I'm in CT, apparently there's a phosphorus lawn stating we can't put down phosphorus fertilizer unless you have a soil test showing deficient or you are planting new seed... seems like a poorly worded law. Don't know how they can enforce it because I can go buy unlimited bags of starter fertilizer at depot/lowes or anywhere else.

but it's to reduce phosphorus run off, i get it, be responsible.

minding the nitrogen content, why can't I just use starter fertilizer 18-24-12?

It seems like my soil analysis recommendation is on the reckless side, throw down all this straight high concentration phosphorus. It seems like if I just coincide aregular simple 2 - 3 times a year fertilizer drop using 18-24-12 that would be a better safer way to bring phosphorus up out of the "below optimum" level? I don't need to correct P all at once with a huge single drop of it, wouldn't a a split application of a more reasonable concentration of P? An using starter fertilizer seems much more economical and easily obtainable?



> Soil test values for PHOSPHORUS are BELOW OPTIMUM.
> Apply 20 lbs of 5-10-5 or
> 10 lbs of 10-20-10 or
> 25 lbs of 4-1-4 or 4-3-4 (or the equivalent)
> ...


----------



## mowww (Jan 16, 2018)

Yes, you could use regular starter fert, with a couple of downsides. It would take more total apps and time to correct P levels since you'd be bound by nitrogen limits per app. Also, although it does not mention it, P is pretty immobile in the soil so you could benefit from incorporating that into the soil with a P app post-heavy aeration. If incorporating, you would probably only want to do that process once and do it right. Without incorporating, your soil below 2" will likely still be deficient if that depth was included in your soil sample.


----------



## Green (Dec 24, 2017)

Milorganite is a great option for raising P, too.

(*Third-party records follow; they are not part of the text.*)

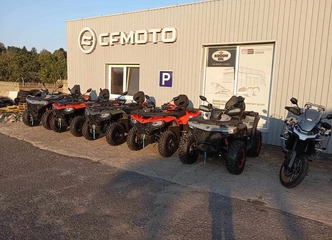 EKSPORTOGAMA – jūsų patikimas motociklų partneris!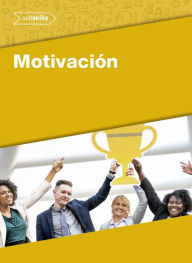 Title: Motivacion, Author: Eva Maria Arrabal Martin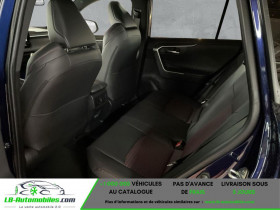 Suzuki Across 2.5 Hybride Rechargeable 185ch  occasion � Beaupuy - photo n�7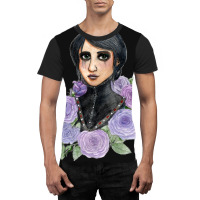 Iris Von Everec Graphic T-shirt | Artistshot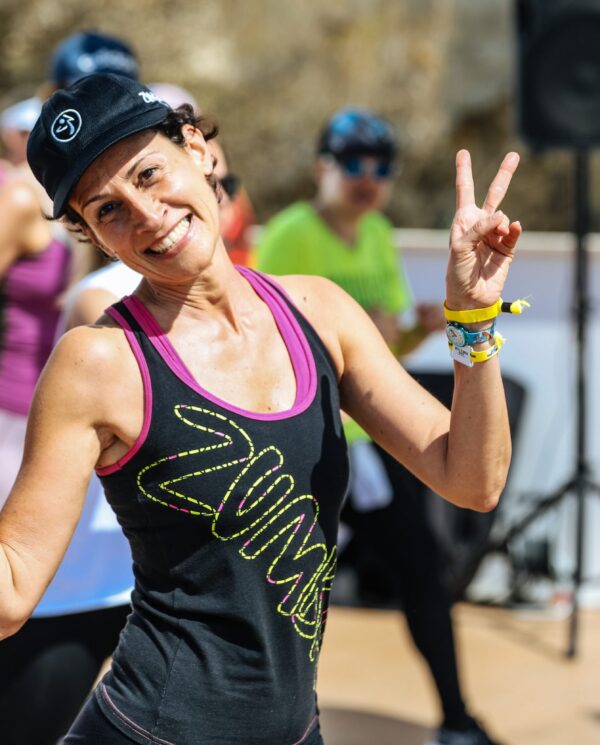 Perfect Tours, Zumba® & Dancing Camp Mallorca, Fitness Camp (14)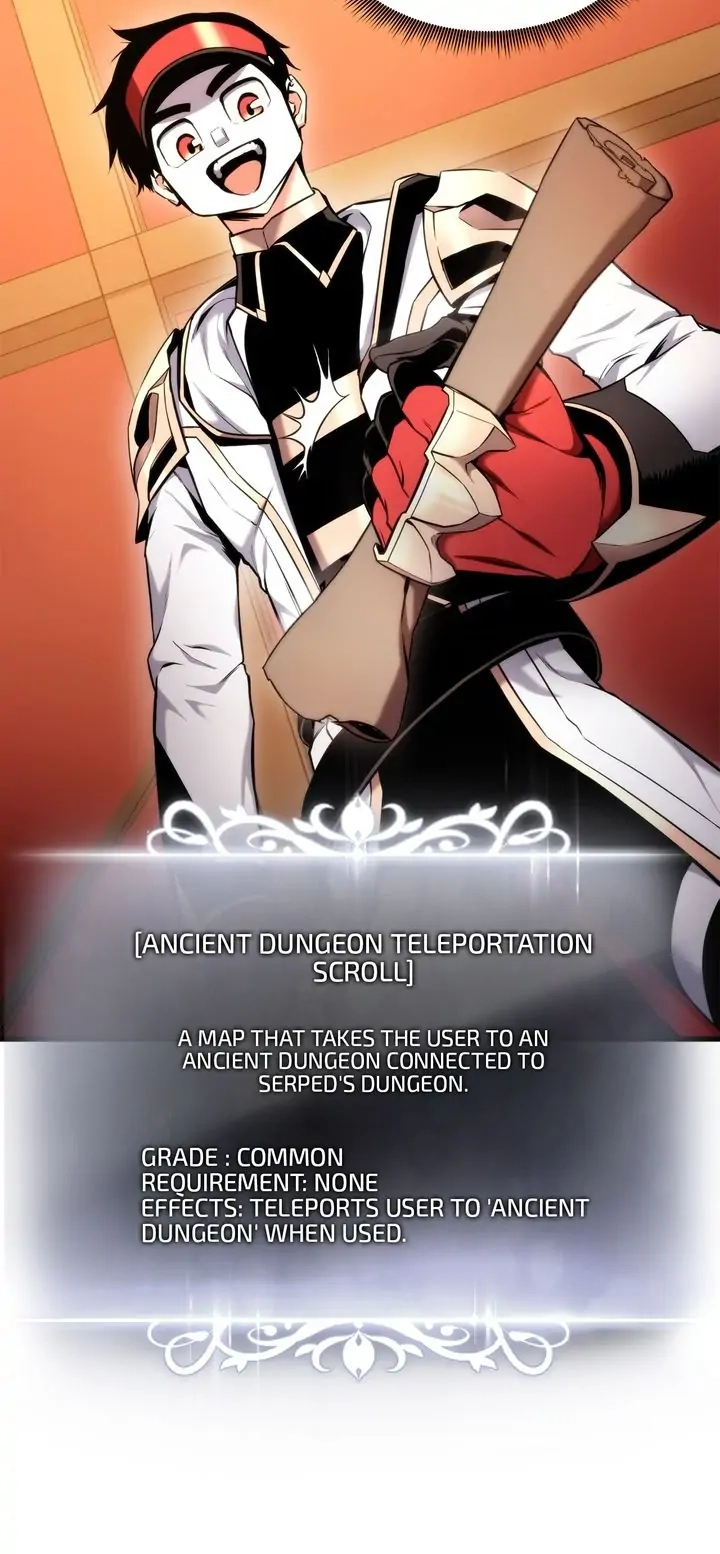 Ranker's Return Chapter 71 Page 25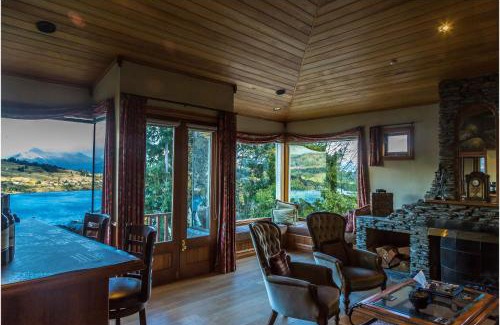 Queenstown Cabin | Pencarrow Boutique Lodge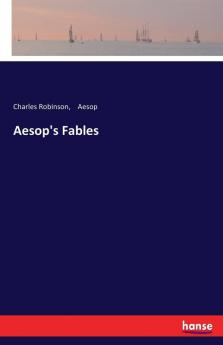 Aesop's Fables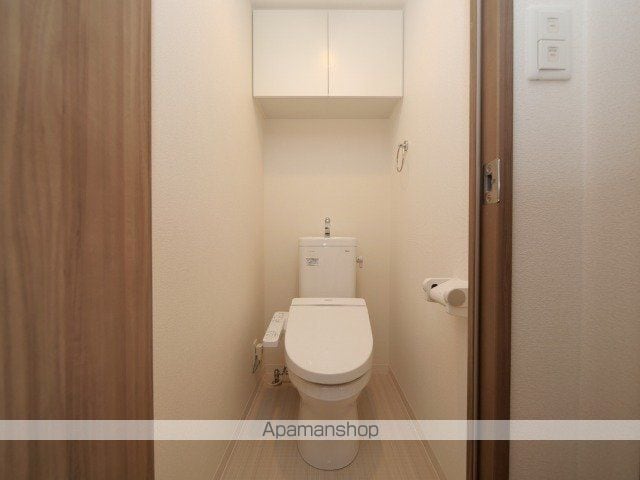 プレサンス新大阪ザ・シティの内装写真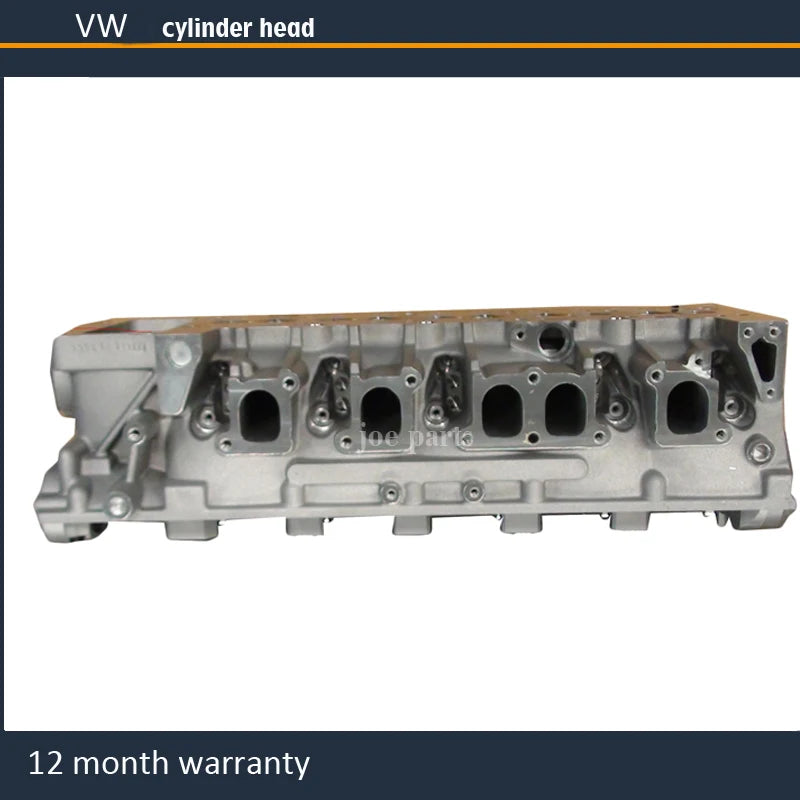 AXD AXE BLJ BNZ BPC BAC BPE BPD cylinder head for VW VOLKSWAGEN Crafter/Transporter/Touareg/Multivan V 2461CC 2.5TDI 2003-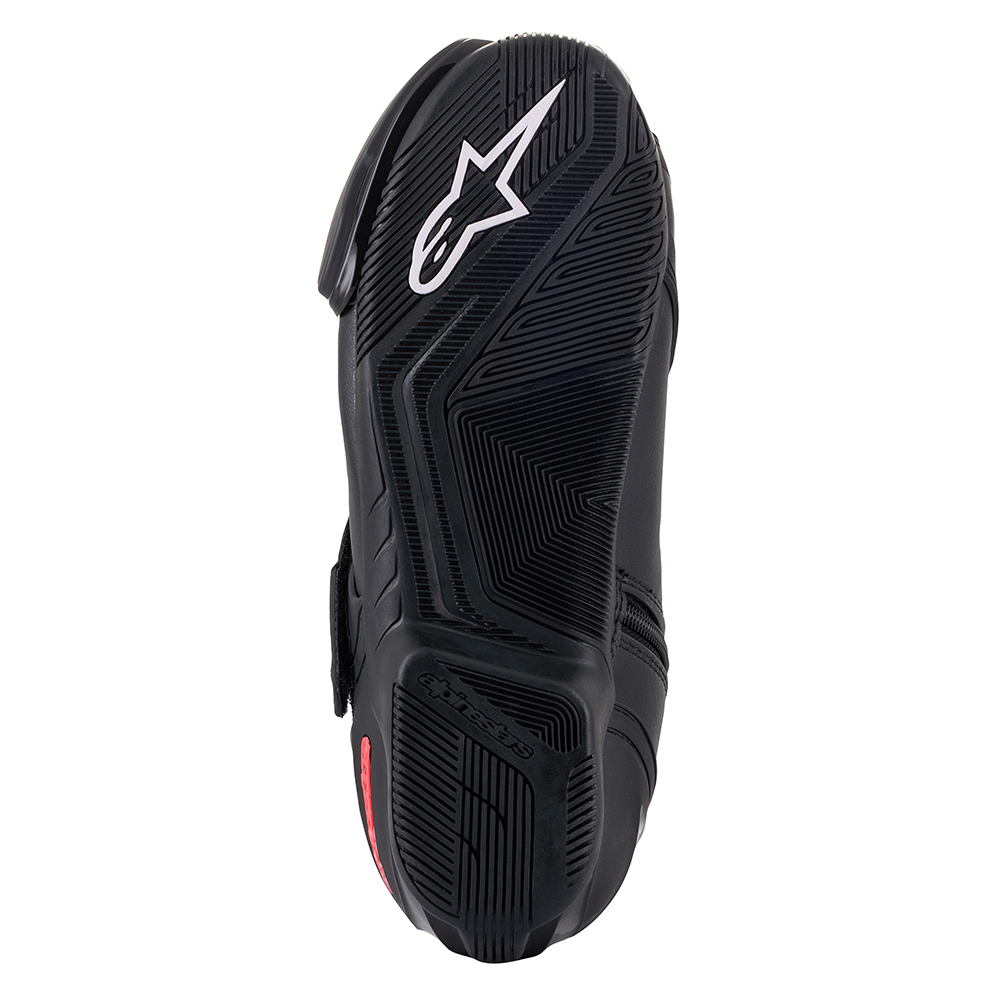 Alpinestars - Demi-bottes femme Stella SMX-1 R V2 Noir / Rose
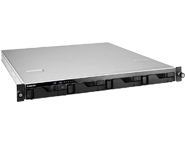 ASUSTOR AS6204RS Power User Business NAS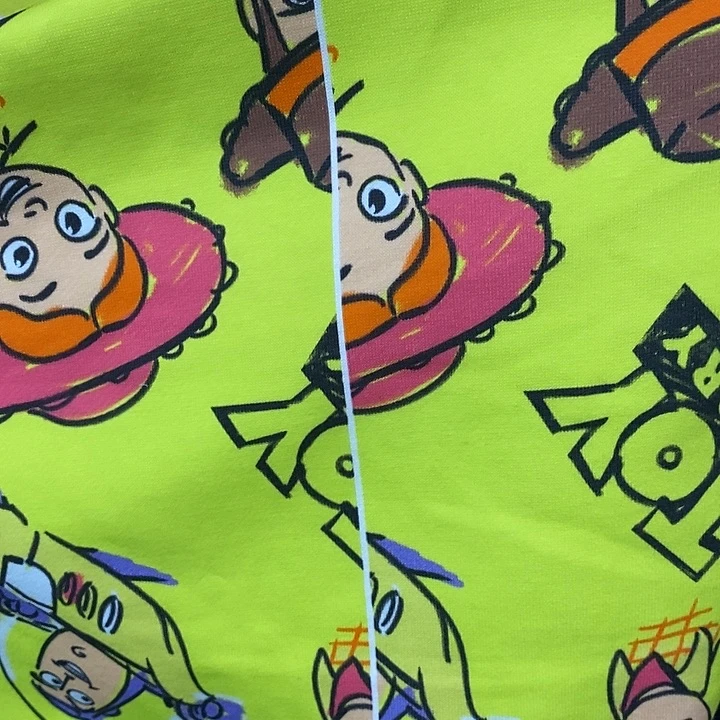 无纺布高档面料2米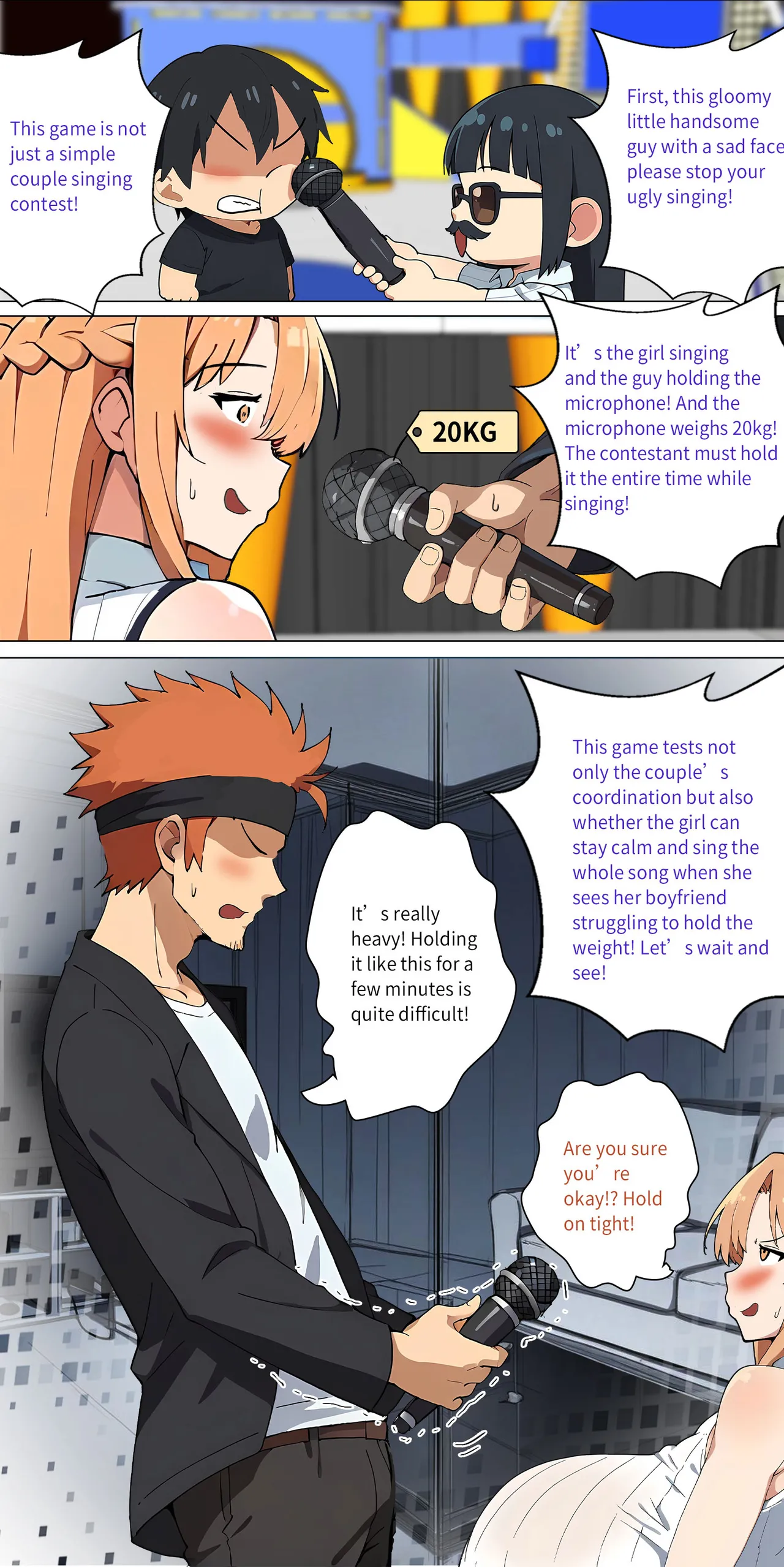 Asuna Family - Part 2 图片编号 31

Other options are balanced fert like a 10-10-10.

Do it slowly. Don't apply more than 1 lb of P per month.

A combination of Milo, starter, balanced, and TSP should get you there quickly...you can pick the appropriate one each month based on weather and N application schedule. One year of dedicated P supplementation should make a huge dent. Eventually, it will work down into the soil.

The law is enforced mostly by restrictions on the products sold; there is no one to enforce what you do, nor should there be.


----------